*Data under study:*
++++

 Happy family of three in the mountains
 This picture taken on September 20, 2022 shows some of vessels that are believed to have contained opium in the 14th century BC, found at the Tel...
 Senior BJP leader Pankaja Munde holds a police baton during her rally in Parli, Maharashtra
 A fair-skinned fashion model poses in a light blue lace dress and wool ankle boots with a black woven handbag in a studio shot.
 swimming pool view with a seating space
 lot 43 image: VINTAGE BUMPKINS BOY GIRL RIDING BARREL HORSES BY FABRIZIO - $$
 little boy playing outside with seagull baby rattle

++++

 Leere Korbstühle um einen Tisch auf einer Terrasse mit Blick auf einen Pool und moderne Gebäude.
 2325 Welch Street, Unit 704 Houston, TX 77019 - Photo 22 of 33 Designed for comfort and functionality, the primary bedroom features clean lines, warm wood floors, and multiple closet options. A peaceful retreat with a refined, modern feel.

++++

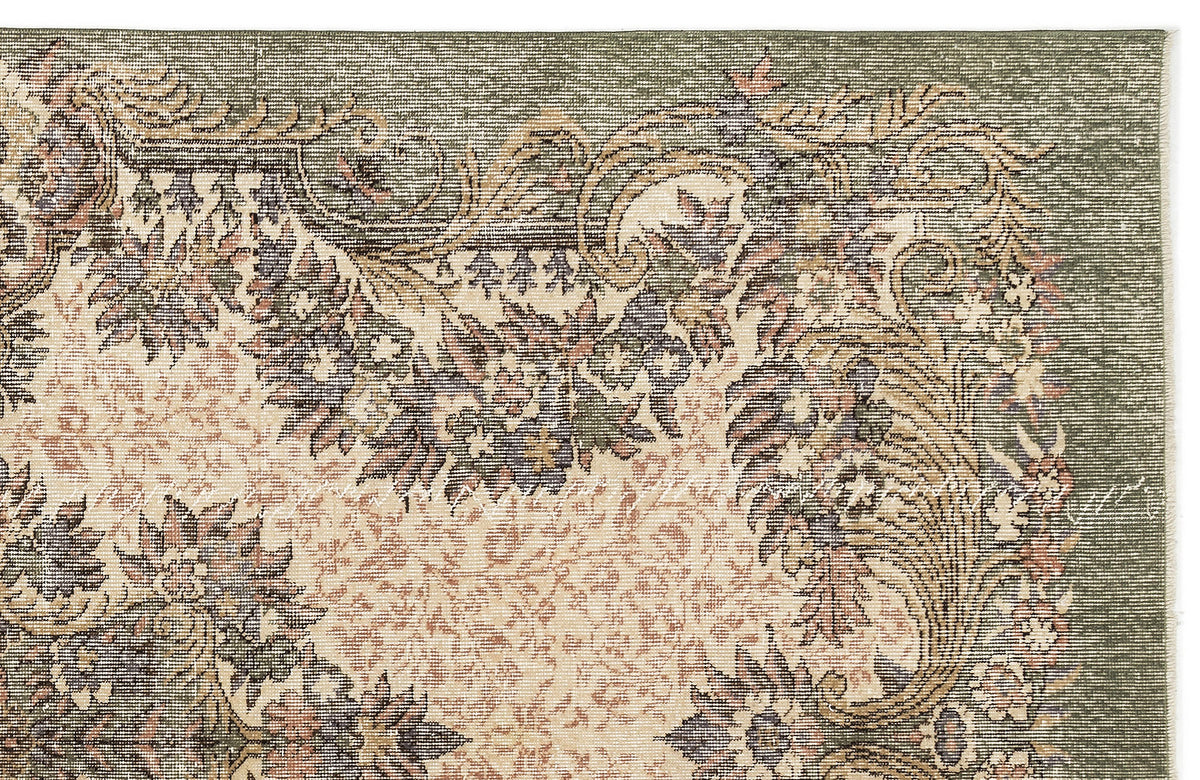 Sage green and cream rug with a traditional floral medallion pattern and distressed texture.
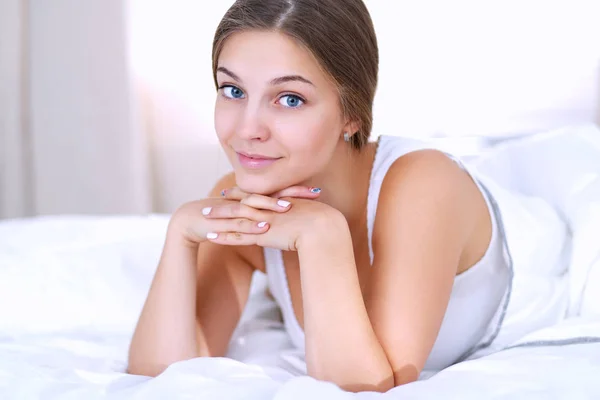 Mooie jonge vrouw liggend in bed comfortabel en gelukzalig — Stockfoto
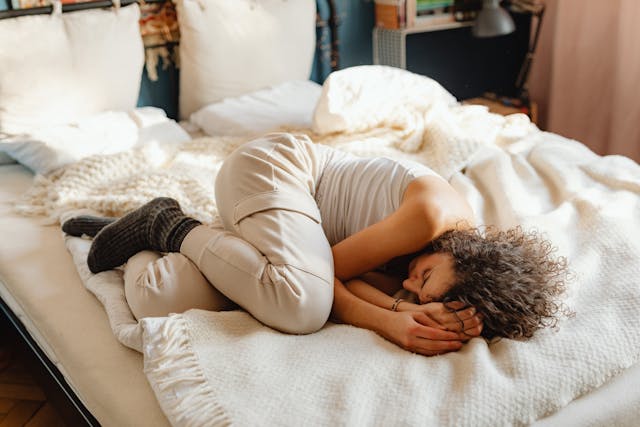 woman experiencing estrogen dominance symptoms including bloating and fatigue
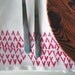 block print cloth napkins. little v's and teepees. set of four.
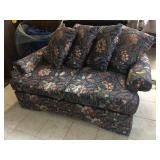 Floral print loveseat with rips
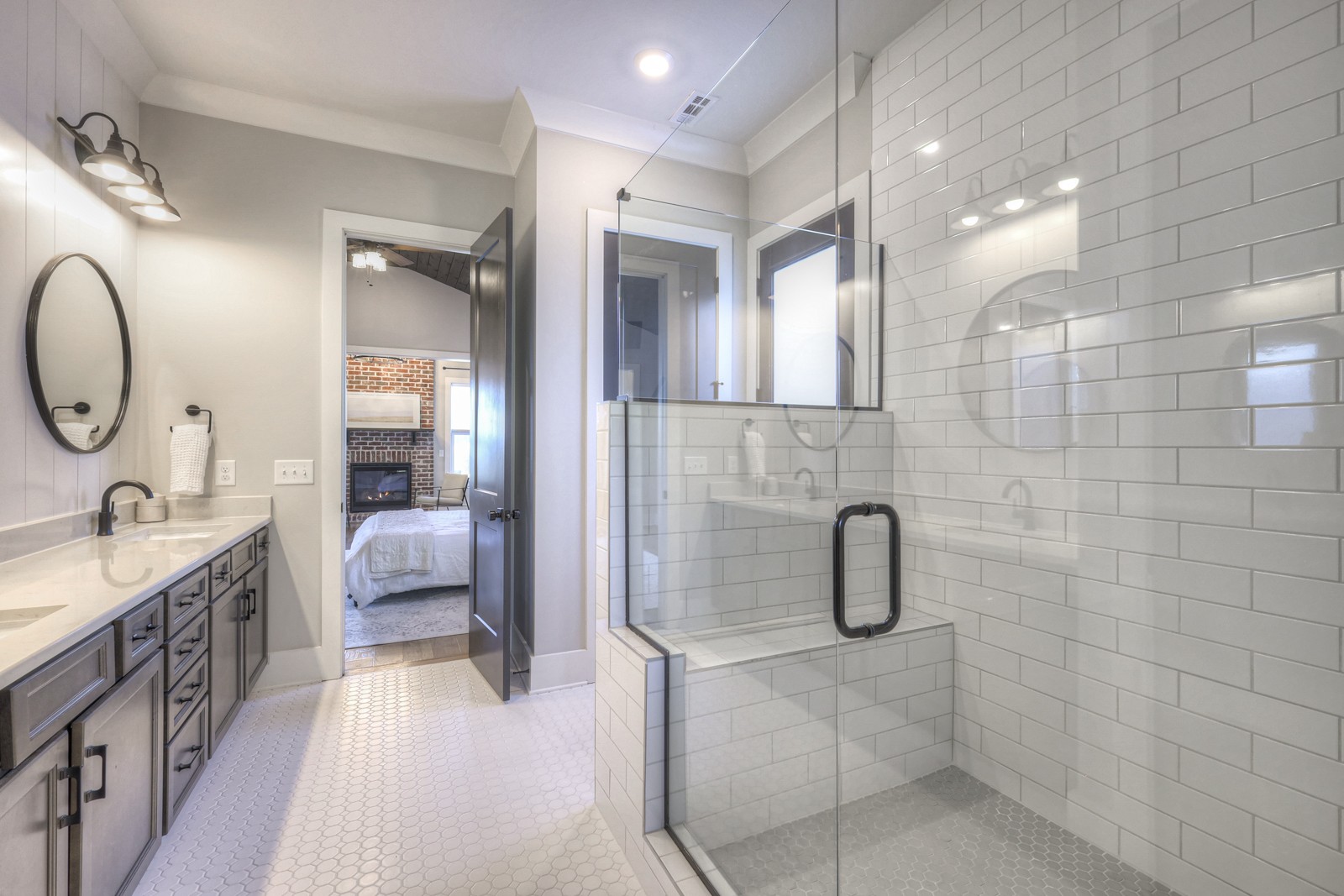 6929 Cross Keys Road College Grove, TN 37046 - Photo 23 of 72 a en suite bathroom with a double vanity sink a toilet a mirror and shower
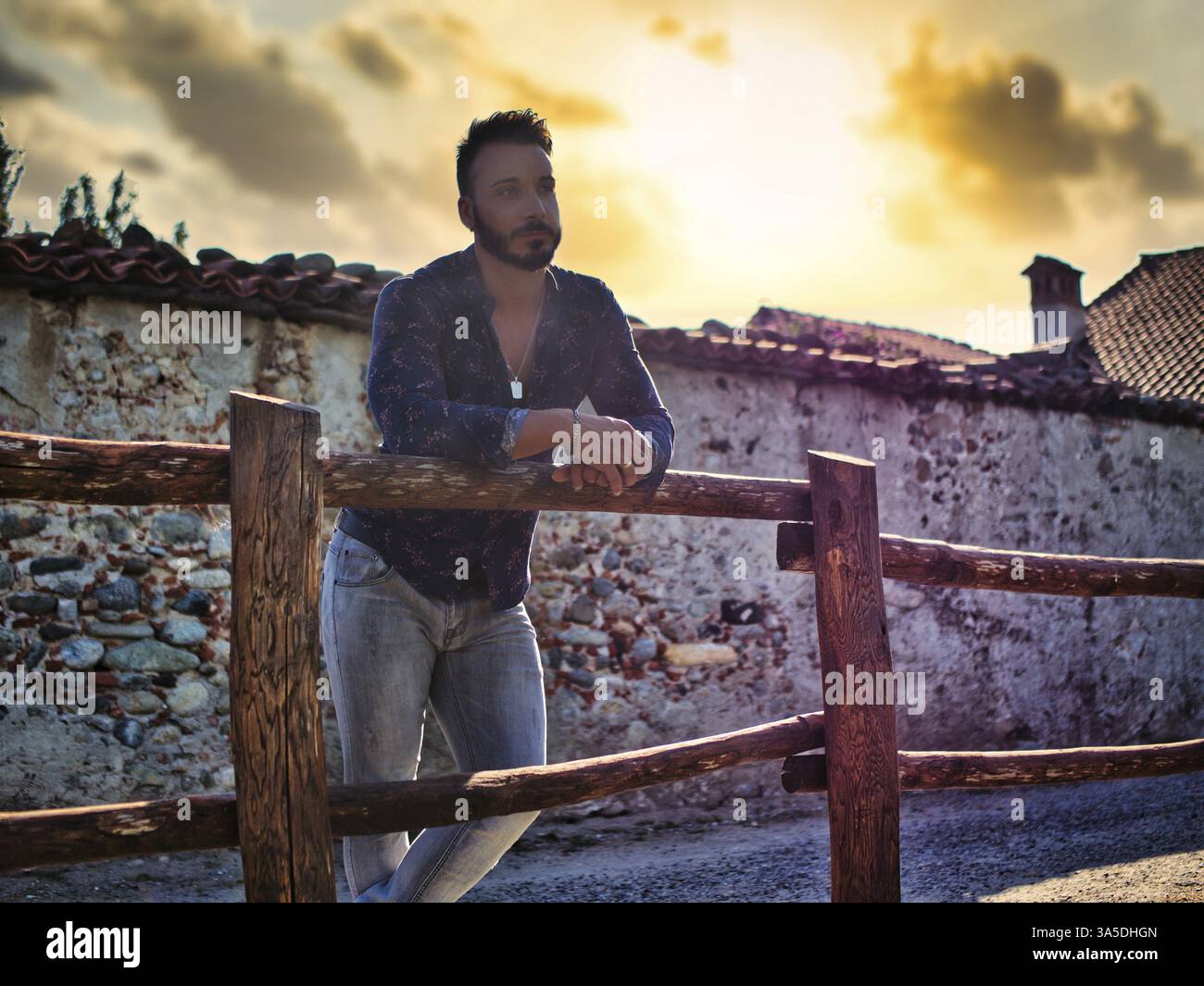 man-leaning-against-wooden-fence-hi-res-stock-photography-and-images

++++

*The problem:*
Above are the records. Copy the lines beginning at the one that has "Happy family of three in the mountains" and ending with the one that has "little boy playing", unchanged.

*Written solution:*
 Happy family of three in the mountains
 This picture taken on September 20, 2022 shows some of vessels that are believed to have contained opium in the 14th century BC, found at the Tel...
 Senior BJP leader Pankaja Munde holds a police baton during her rally in Parli, Maharashtra
 A fair-skinned fashion model poses in a light blue lace dress and wool ankle boots with a black woven handbag in a studio shot.
 swimming pool view with a seating space
 lot 43 image: VINTAGE BUMPKINS BOY GIRL RIDING BARREL HORSES BY FABRIZIO - $$
 little boy playing outside with seagull baby rattle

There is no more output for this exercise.